AffirmID captures the biometrics of your behavioral traits while using the phone and from these behavioral biometrics recognizes when you have possession of the phone. More importantly, it recognizes when someone other than you has possession and blocks them from accessing the authenticators. Their being unable to access the authenticators means they have no access to endpoints requiring the authenticator use. Trusted party use of “AffirmID Authenticator” for every endpoint authentication ensures enterprise immunity from ransomware or cyber attack.

Authenticators and the Authentication Process

Remote authentication invariably involves an authenticator. The person being authenticated uses it to attest to their having possession and control of the authenticator. “AffirmID Authenticator” has 4 authenticators meeting this NIST guideline. Moving beyond this guideline, AffirmID also requires original user possession as a prerequisite of authenticator use thereby adding the all-important “affirmation of identity” to every authentication that employs an AffirmID authenticator.

AffirmID’s 2FA 2-step authenticator produces time-based or event-based One-Time-Passcodes compliant with RFC 6238 and RFC 4226. 2FA is popular but a growing security risk. Its inclusion in AffirmID addresses the core risk of not confirming user identity and also providing a bridge from 2FA to more modern-day and more secure authenticators. These include WebAuthn compliant with W3C approved standards, FIDO2 compliant with FIDO Alliance standards, and a unique Push authenticator leveraging WebAuthn. These modern-day solutions employ public key cryptography where the private key is securely stored on the user’s phone. In todays challenging cyber security environment no other authenticator provides the user with 4 built-in industry standard methods of authentication. Only AffirmID future proofs authentication without needing to add either USB or other software methods of accessibility.

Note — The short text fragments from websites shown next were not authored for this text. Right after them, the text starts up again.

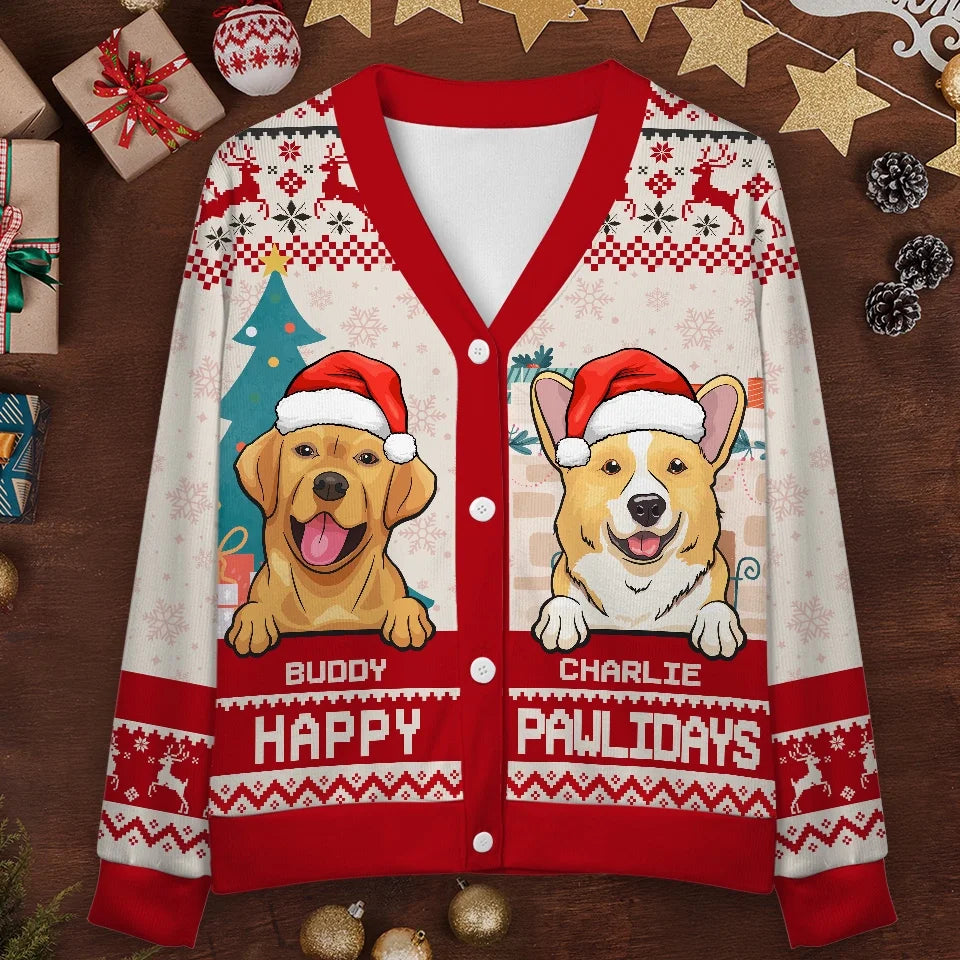 Furry Cuddles Make The Season Bright - Dog & Cat Personalized Custom Ugly Christmas Cardigan - Christmas Gift For Pet Owners, Pet Lovers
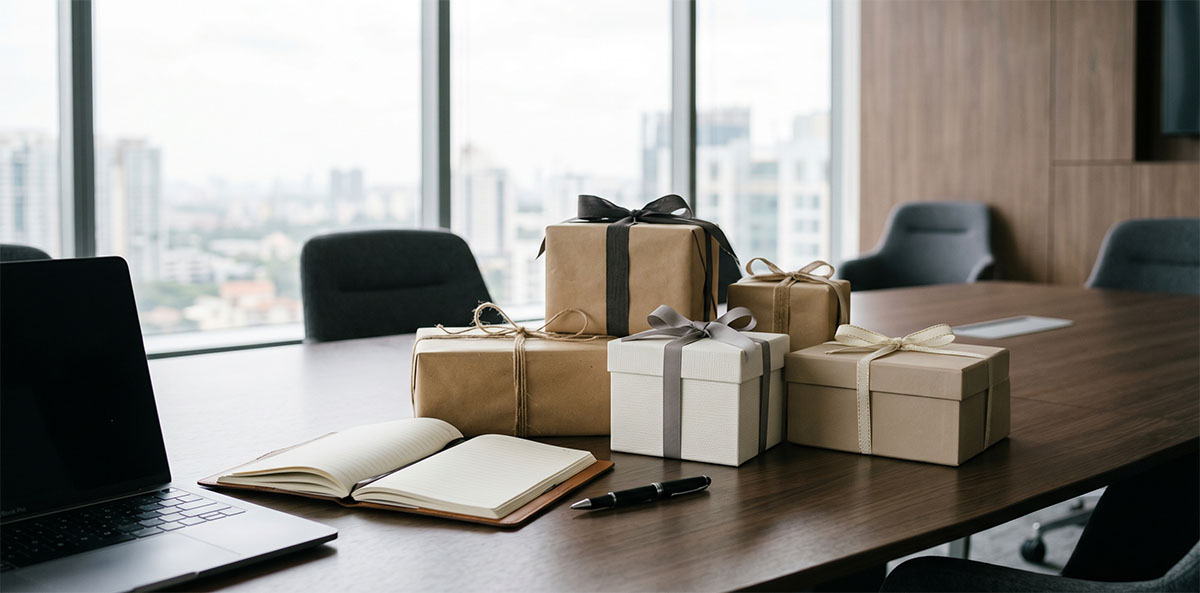 企業會議室桌面上擺放著包裝精美的禮品盒，展現專業送禮情境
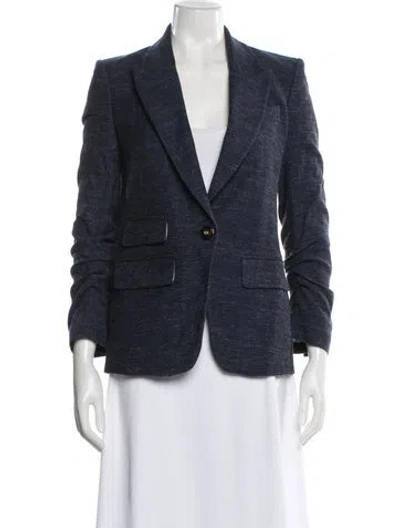 Pre-owned Veronica Beard Virgin Wool Blazer In Blue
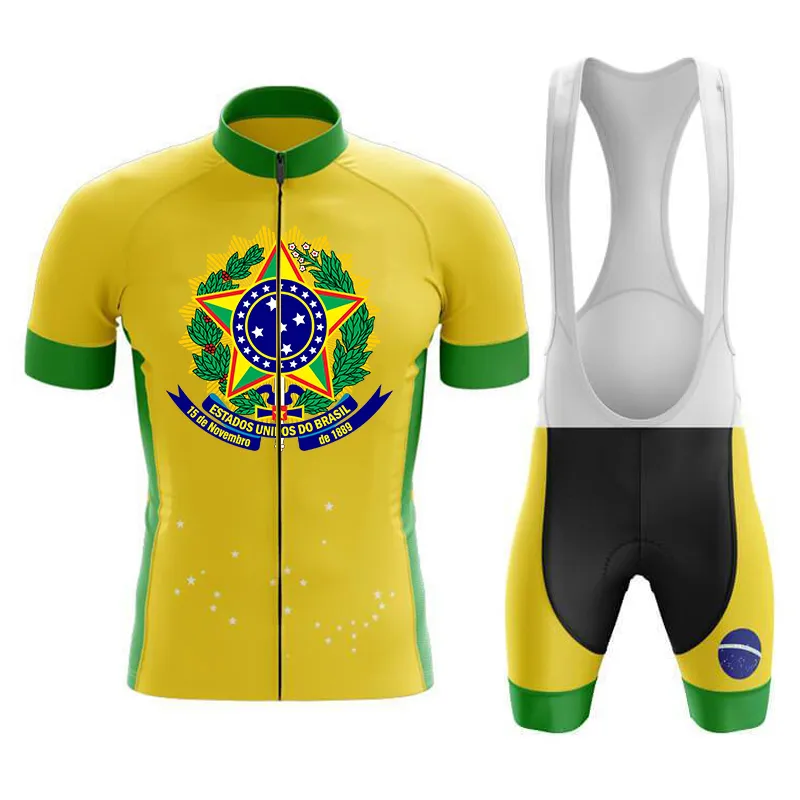 Brasil Mäns Cyklingkläder Kläder Cykel Jersey Set Bike Skinsuit Shirt Sommar Andningsbar Anti-UV MTB Sportkläder Ropa Ciclism 220323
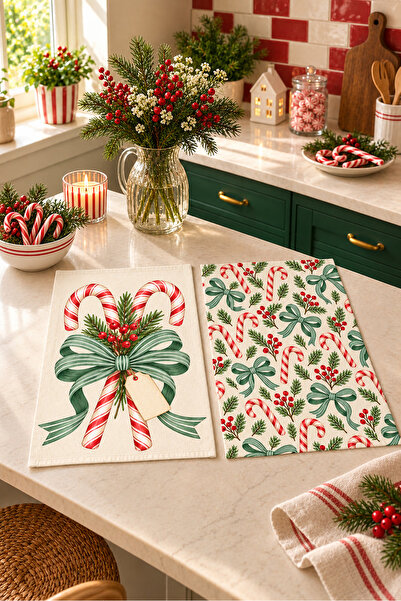 milbaygrup Candy Lane Candy Bar Patterned 2-Piece Kitchen Towel Set 40X60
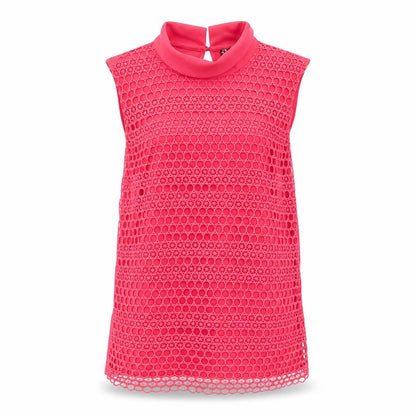 Principles by Ben de Lisi Women's Pink High Neck Lace Sleeveless Blouse Size 8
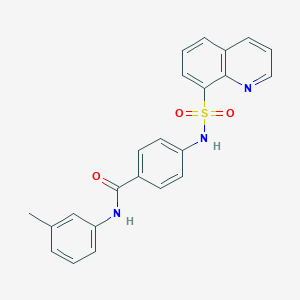 molecular formula C23H19N3O3S B281089 N-(3-methylphenyl)-4-[(8-quinolinylsulfonyl)amino]benzamide 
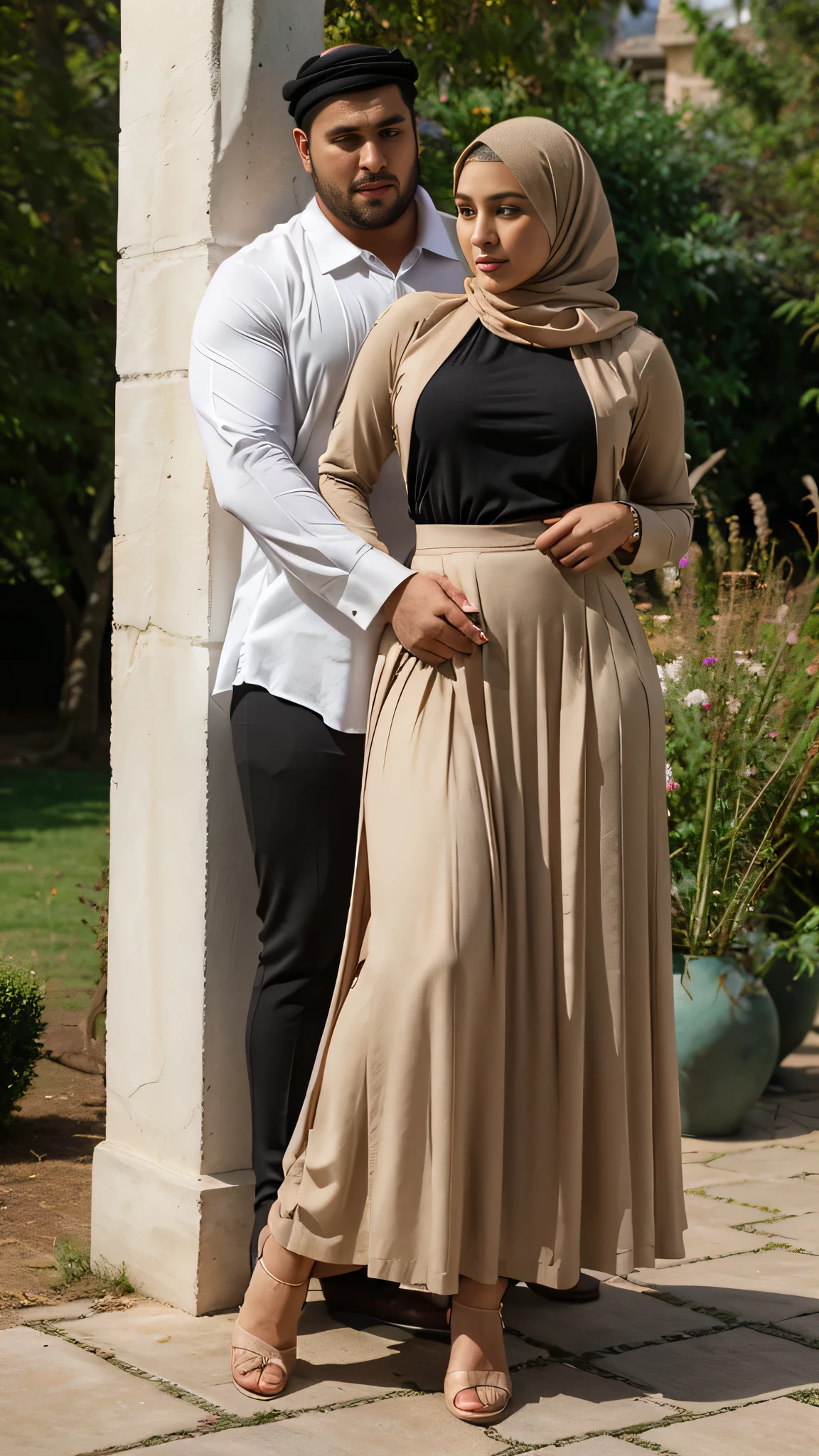 A delicate and cute arabic man crossdressing as a woman wearing perfect hijab with A large man, 190 cm tall, holding the woman's waist ,curvy and wide hips, ameteur photo, woman in a black skirt and a beige blouse, long skirt,  dress, high-waist-black-skirt, hijab, with lovely look, modest flowing gown, pleated skirt,  style, serena malyon, long tight dress female,tight dressed in long fluent skirt, full body picture, wearing a long flowy fabric, black skirt.leggings, in the garden , and 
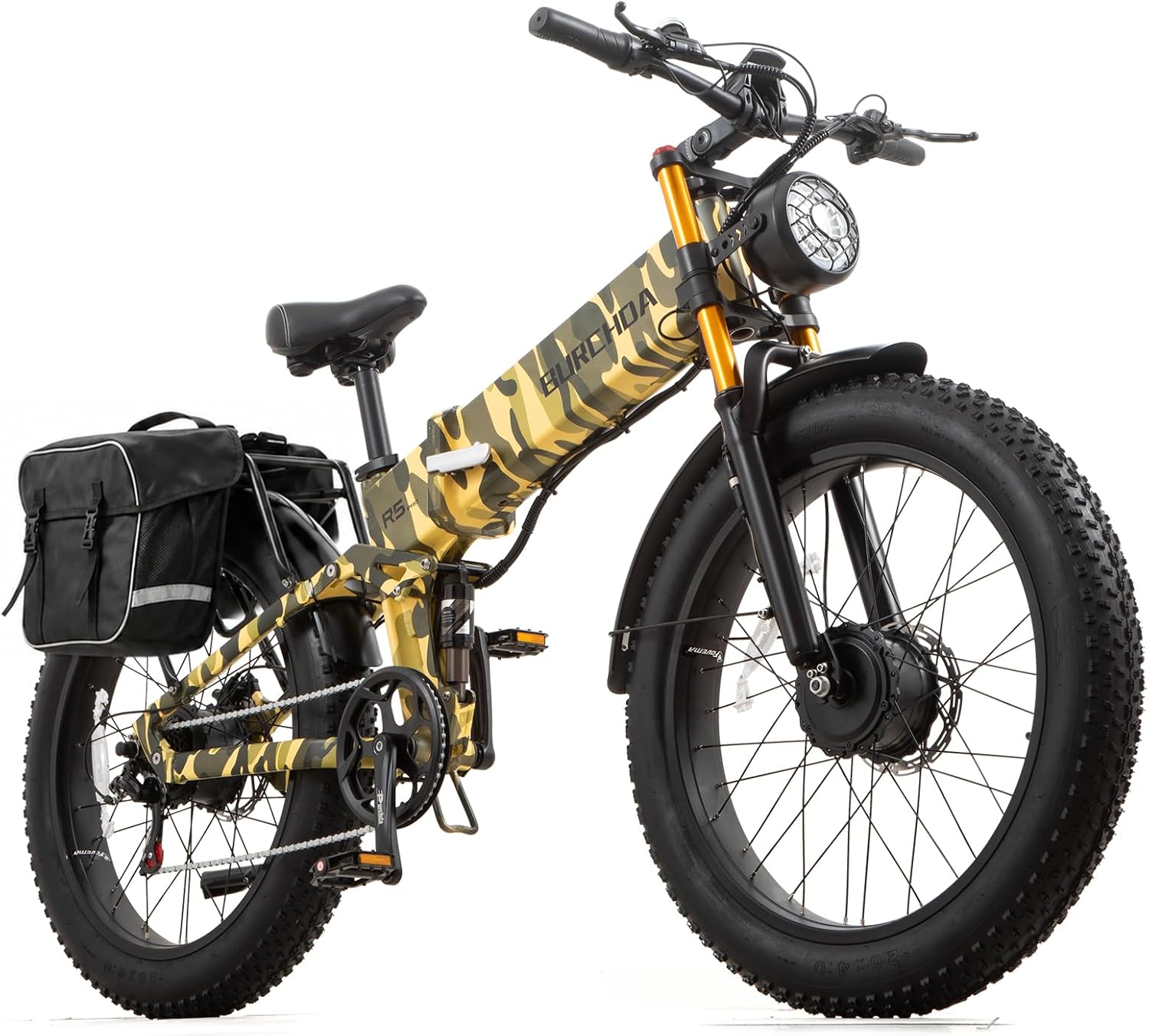 2026 Dual Motor Electric Bike for Adults AWD 5000W/3000W Peak 40 MPH/30 MPH E Dirt Bike, 52V/48V Removable Battery 65/80/150 Miles Max Long Range with Full Suspension 26' Fat Tires Mountain Bike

Securing Authenticator and User Data

Authenticators by their very nature store considerable critical sensitive data on the device. Generally, it includes data such as account information, personal identity data, application data, certificates, secrets, encryption keys, security tokens and more. Left unsecured this data can be harvested and used to highjack authenticator accounts. AffirmID avoids this possibility by encrypting data when at rest. Also, AffirmID only exports data when authorized by the user and then only by use of the best public key encryption.

As a security-first app AffirmID goes to great lengths to secure this data. Indeed, with exception of logs, if any, AffirmID encrypts every data item produced by or supplied to it. One-time-pad symmetrical cryptography is used with keys stored in the phone’s hardware security element. User authorized exported data are encrypted using 2048-bit public key cryptography prior to export over secure networks. Imported data, if any, are also public key encrypted. Public and private keys are stored in the phone’s secure elements.